(Data below begins)
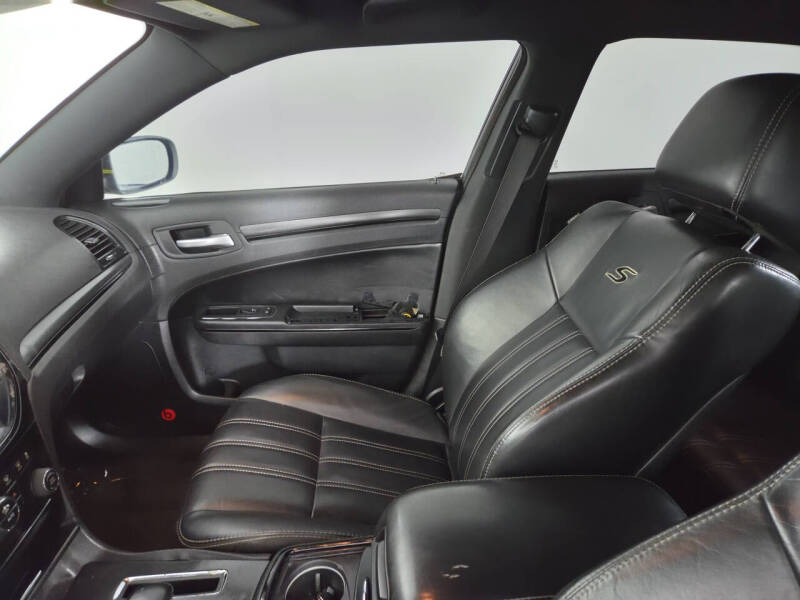 2014 Chrysler 300 S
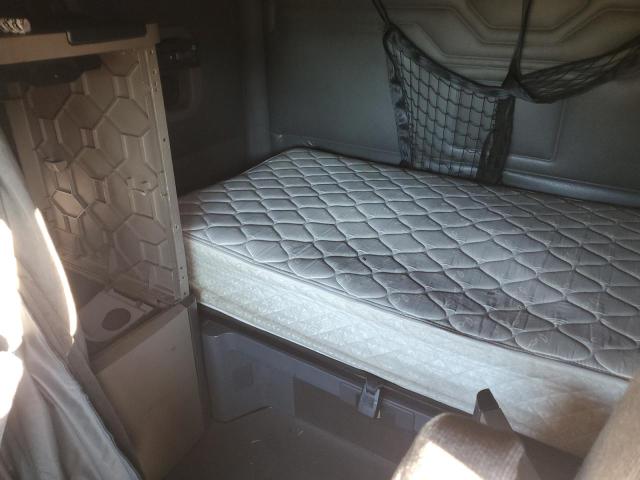 3AKJGLD57GSFP7303 - 2016 FREIGHTLINER CASCADIA 1 أحمر صورة 6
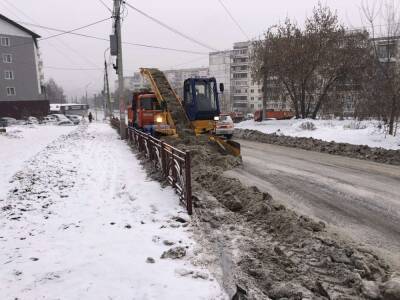 В Иркутске за сутки вывезли более 2000 тонн снега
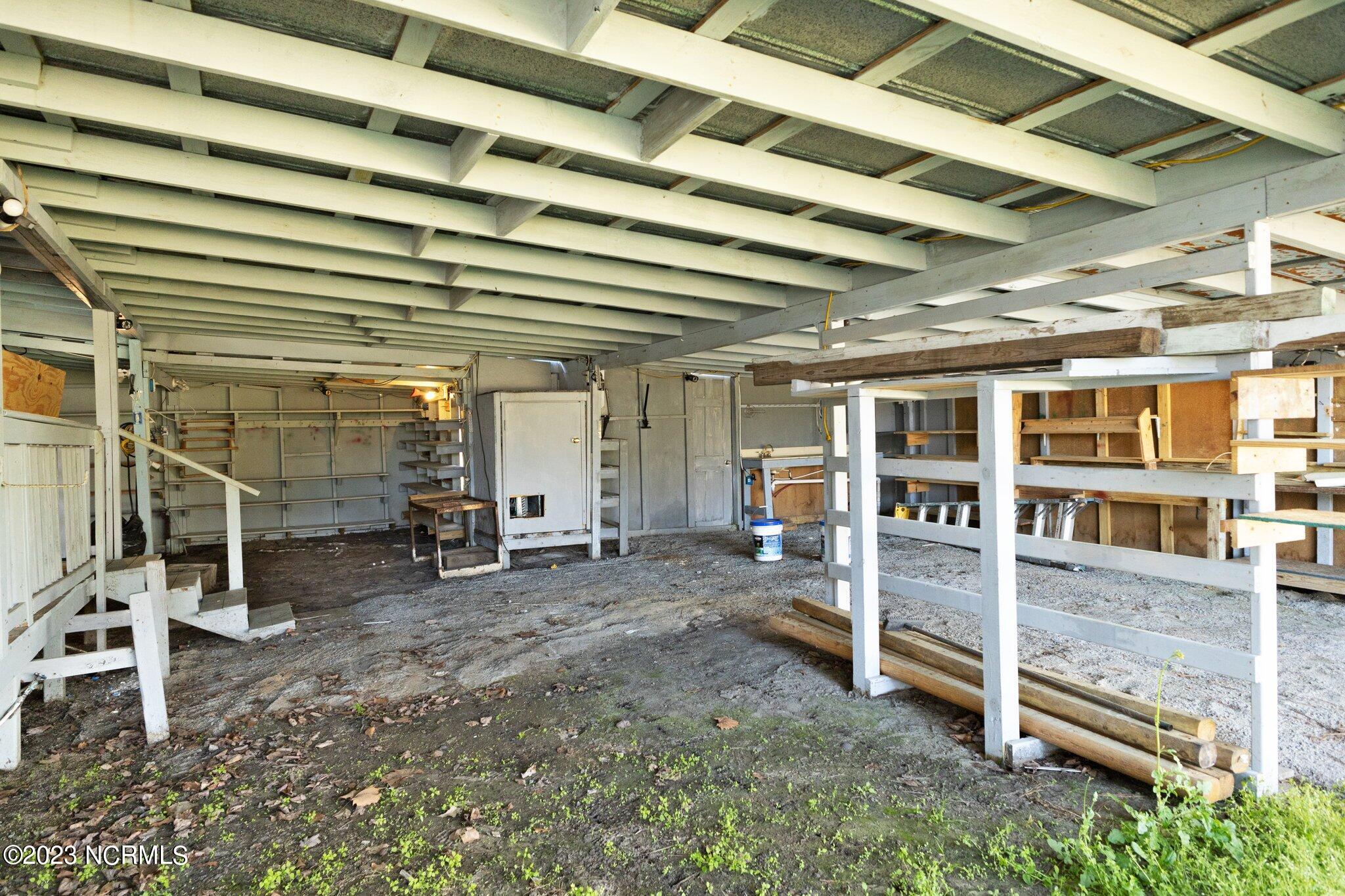 212 E Southwinds Drive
(Data below ends)
Repeat the whole listing above word for word, but keep any picture out of it.

 2014 Chrysler 300 S
 3AKJGLD57GSFP7303 - 2016 FREIGHTLINER CASCADIA 1 أحمر صورة 6
 В Иркутске за сутки вывезли более 2000 тонн снега
 212 E Southwinds Drive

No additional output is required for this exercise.